ACL type: id defines user id, email defines user by email, and uri defines user by uri (group).

  • source_id (string)

ID of user in the source zone.

  • dest_id (string)

ID of user in the destination.

  • target_path (string)

A string that defines how the target path is created. The target path specifies a prefix to which the source object name is appended. The target path configurable can include any of the following variables: - sid: unique string that represents the sync instance ID - zonegroup: the zonegroup name - zonegroup_id: the zonegroup ID - zone: the zone name - zone_id: the zone id - bucket: source bucket name - owner: source bucket owner ID

For example: target_path = rgwx-${zone}-${sid}/${owner}/${bucket}

  • acl_profiles (array)

An array of acl_profile.

  • acl_profile (container)

Each profile contains acls_id (string) that represents the profile, and acls array that holds a list of acl_mappings.

  • profiles (array)

A list of profiles. Each profile contains the following: - source_bucket: either a bucket name, or a bucket prefix (if ends with *) that defines the source bucket(s) for this profile - target_path: as defined above - connection_id: ID of the connection that will be used for this profile - acls_id: ID of ACLs profile that will be used for this profile

S3 Specific Configurables:

Currently cloud sync will only work with backends that are compatible with AWS S3. There are a few configurables that can be used to tweak its behavior when accessing these cloud services:

{
  "multipart_sync_threshold": {object_size},
  "multipart_min_part_size": {part_size}
}
  • multipart_sync_threshold (integer)

Objects this size or larger will be synced to the cloud using multipart upload.

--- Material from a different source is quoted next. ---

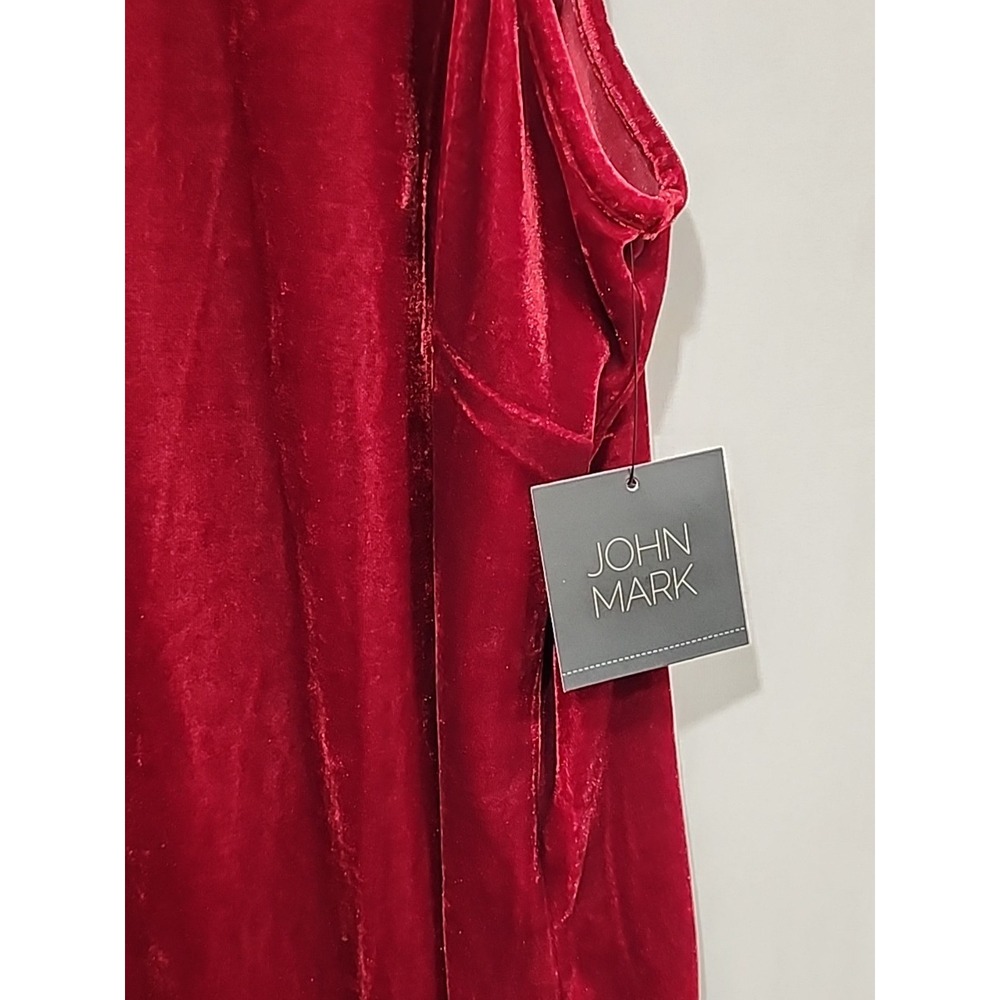 John‎ Mark NWT Blouse Womens 2X Red, Sleeveless Velvety Top, Soft Stretchy - Picture 3 of 8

  • multipart_min_part_size (integer)

Minimum parts size to use when syncing objects using multipart upload.

How to Configure

See Multi-Site for how to multisite config instructions. The cloud sync module requires a creation of a new zone. The zone tier type needs to be defined as cloud:

# radosgw-admin zone create --rgw-zonegroup={zone-group-name} \
                            --rgw-zone={zone-name} \
                            --endpoints={http://fqdn}[,{http://fqdn}]
                            --tier-type=cloud

The tier configuration can be then done using the following command

# radosgw-admin zone modify --rgw-zonegroup={zone-group-name} \
                            --rgw-zone={zone-name} \
                            --tier-config={key}={val}[,{key}={val}]

The key in the configuration specifies the config variable that needs to be updated, and the val specifies its new value. Nested values can be accessed using period. For example:

# radosgw-admin zone modify --rgw-zonegroup={zone-group-name} \
                            --rgw-zone={zone-name} \
                            --tier-config=connection.access_key={key},connection.secret={secret}

Configuration array entries can be accessed by specifying the specific entry to be referenced enclosed in square brackets, and adding new array entry can be done by using []. Index value of -1 references the last entry in the array. At the moment it is not possible to create a new entry and reference it again at the same command. For example, creating a new profile for buckets starting with {prefix}:

# radosgw-admin zone modify --rgw-zonegroup={zone-group-name} \
                            --rgw-zone={zone-name} \
                            --tier-config=profiles[].source_bucket={prefix}'*'

# radosgw-admin zone modify --rgw-zonegroup={zone-group-name} \
                            --rgw-zone={zone-name} \
                            --tier-config=profiles[-1].connection_id={conn_id},profiles[-1].acls_id={acls_id}

An entry can be removed by using --tier-config-rm={key}.